Source records =>
....
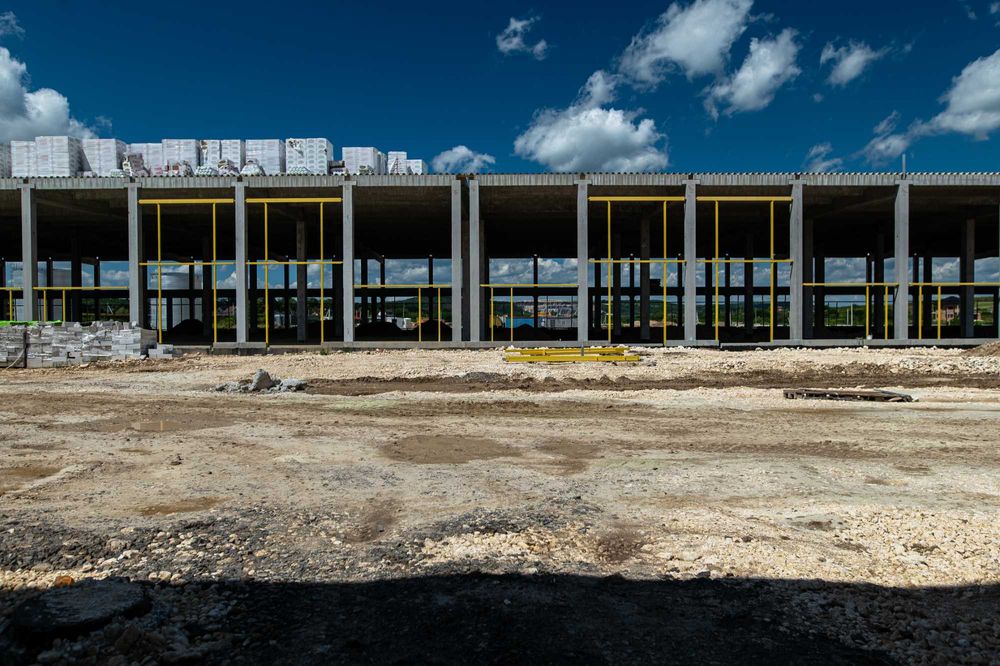 Оренда нового складу 654 м² в ЛЦ PERETYN (поряд з митницею) у Львові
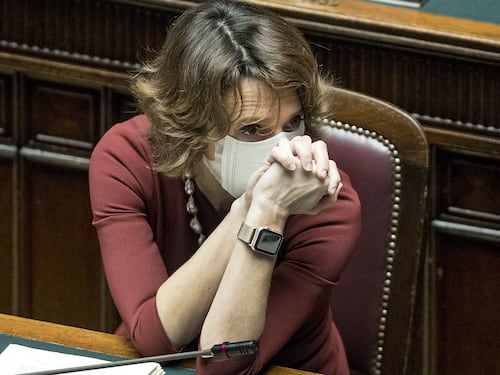 Bomba sulla task force di Conte. Perde due ministre? Il governo trema sul Recovery fund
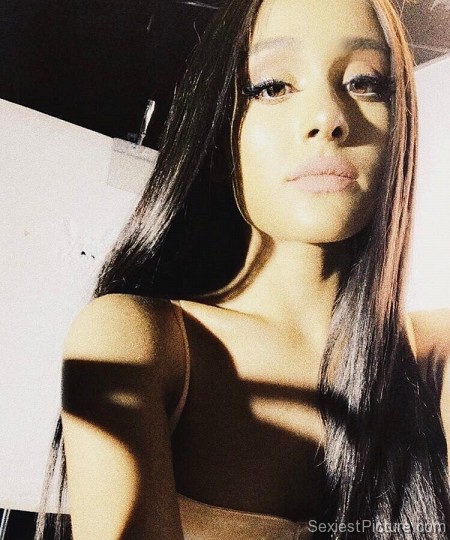 Ariana Grande sexy closeup selfie bra leaked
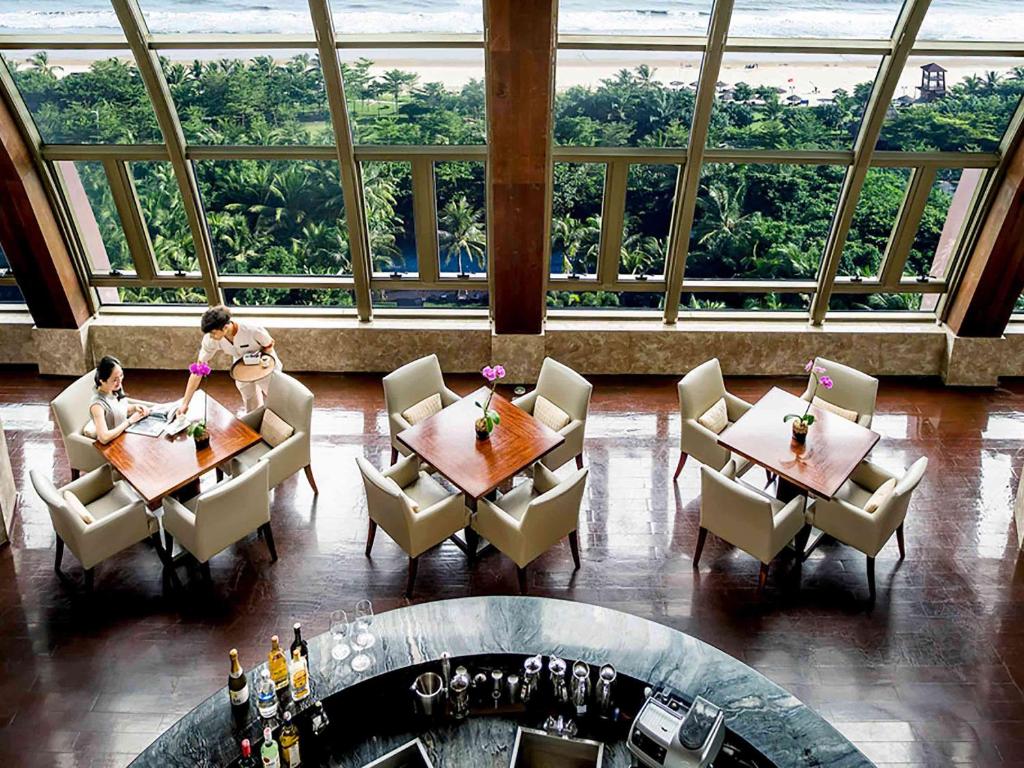 Posezení v ubytování Pullman Oceanview Sanya Bay Resort & Spa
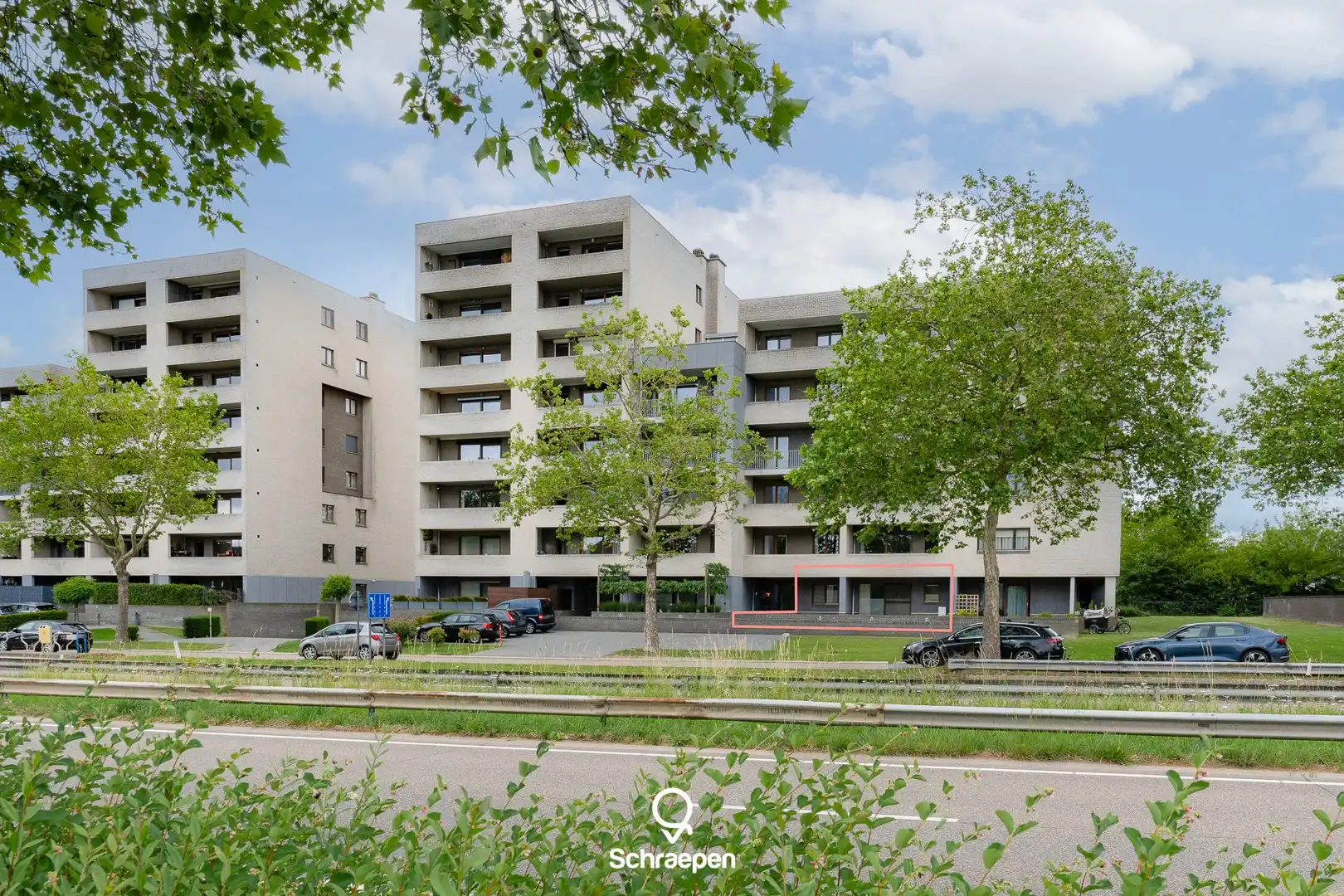 Gelijkvloers appartement met 1 slpk én overdekt terras te Hasselt! foto {{pictureIndex}}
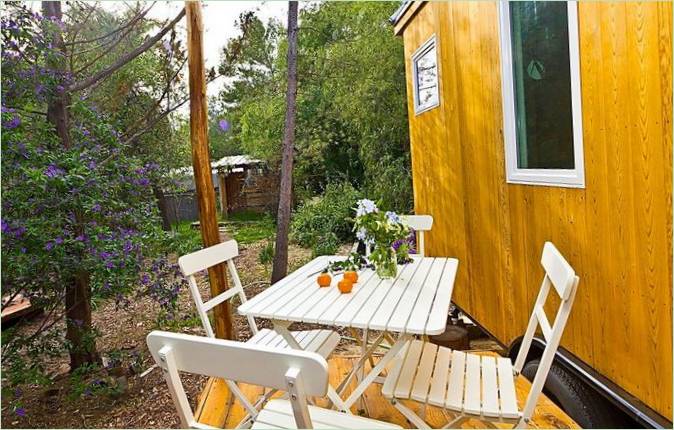 Terrassen på et lille hus i Californien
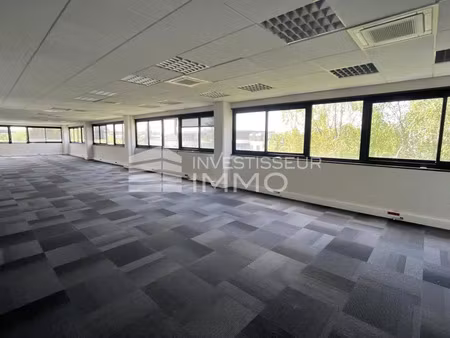 plateaux de bureaux pour professionnel 110m²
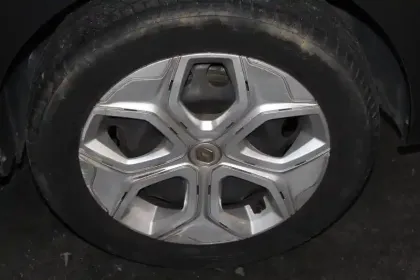 Photo 33 Renault Twingo  III TCe 95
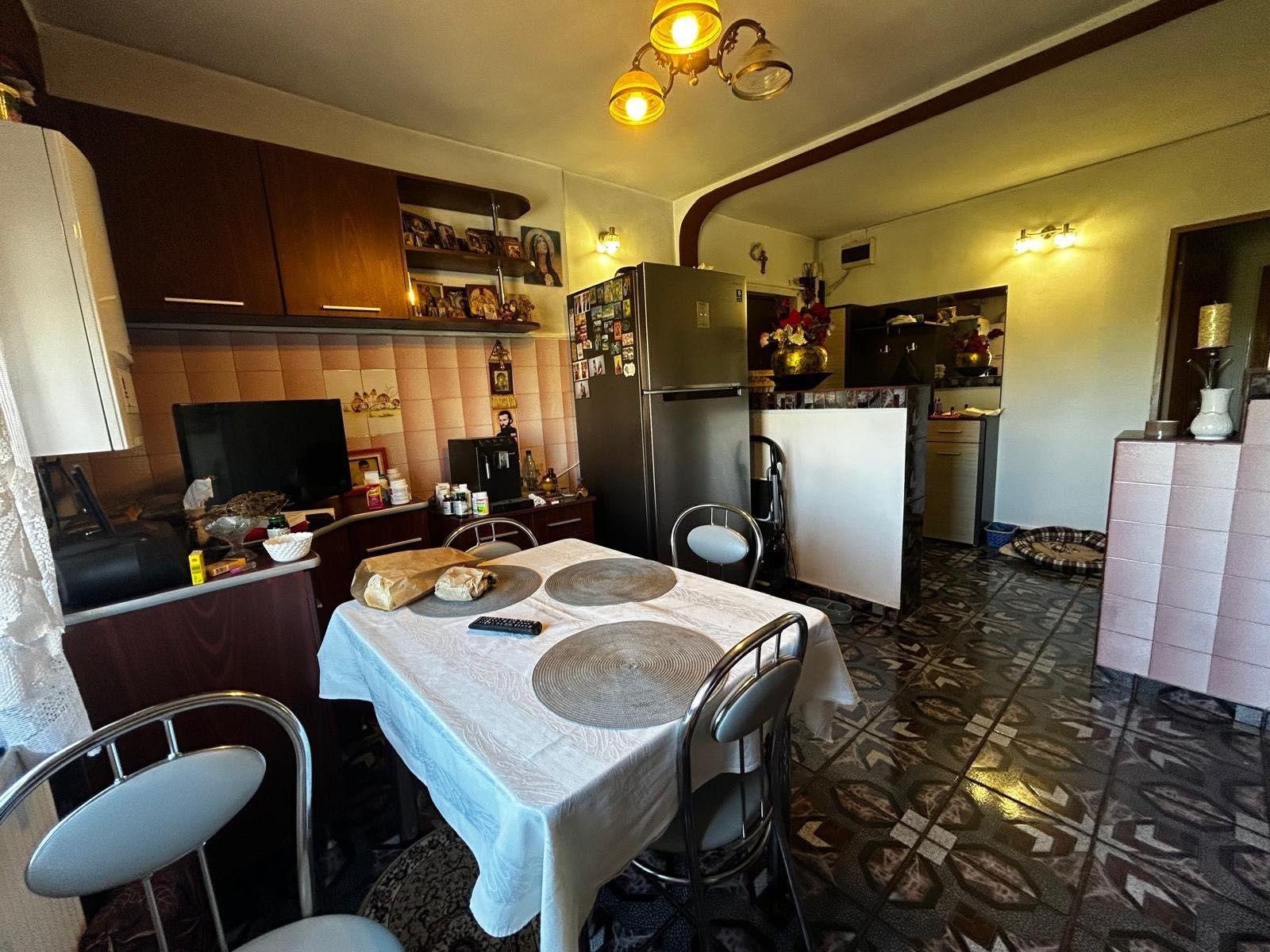 Vând apartament in Constanța, decomandat, 3 camere 2 băi, TAV-uri.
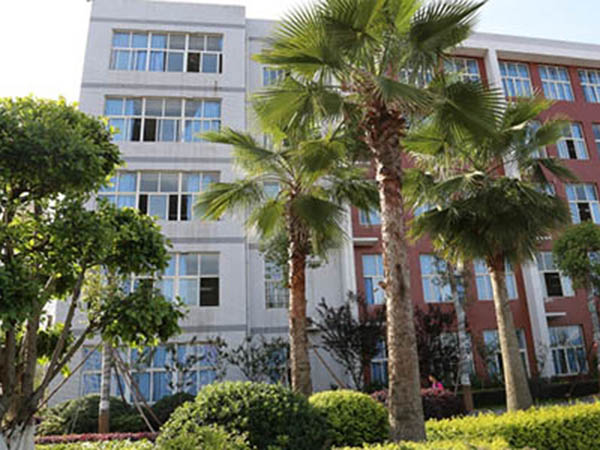 重庆市经贸中等专业学校公车使用管理办法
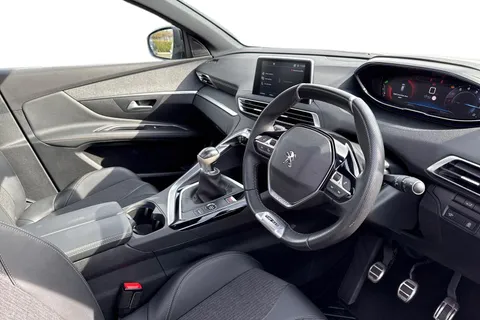 14 of 67 for PEUGEOT 3008 1.2 PureTech GT Line Euro 6 (s/s) 5dr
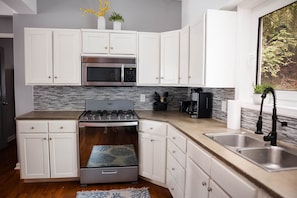 Fridge, microwave, oven, stovetop - Grand Five Bedroom Villa w Rooftop Pool & 120 Steps from West Bay Beach (Roatán)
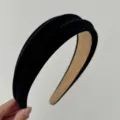 Elegante cerchietto vintage in velluto nero imbottito per donna con design a spugna - Stile Velluto Nero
....
Exercise =>
Write every record out again exactly; no pictures belong in the copy.

Task solution =>
 Оренда нового складу 654 м² в ЛЦ PERETYN (поряд з митницею) у Львові
 Bomba sulla task force di Conte. Perde due ministre? Il governo trema sul Recovery fund
 Ariana Grande sexy closeup selfie bra leaked
 Posezení v ubytování Pullman Oceanview Sanya Bay Resort & Spa
 Gelijkvloers appartement met 1 slpk én overdekt terras te Hasselt! foto {{pictureIndex}}
 Terrassen på et lille hus i Californien
 plateaux de bureaux pour professionnel 110m²
 Photo 33 Renault Twingo  III TCe 95
 Vând apartament in Constanța, decomandat, 3 camere 2 băi, TAV-uri.
 重庆市经贸中等专业学校公车使用管理办法
 14 of 67 for PEUGEOT 3008 1.2 PureTech GT Line Euro 6 (s/s) 5dr
 Fridge, microwave, oven, stovetop - Grand Five Bedroom Villa w Rooftop Pool & 120 Steps from West Bay Beach (Roatán)
 Elegante cerchietto vintage in velluto nero imbottito per donna con design a spugna - Stile Velluto Nero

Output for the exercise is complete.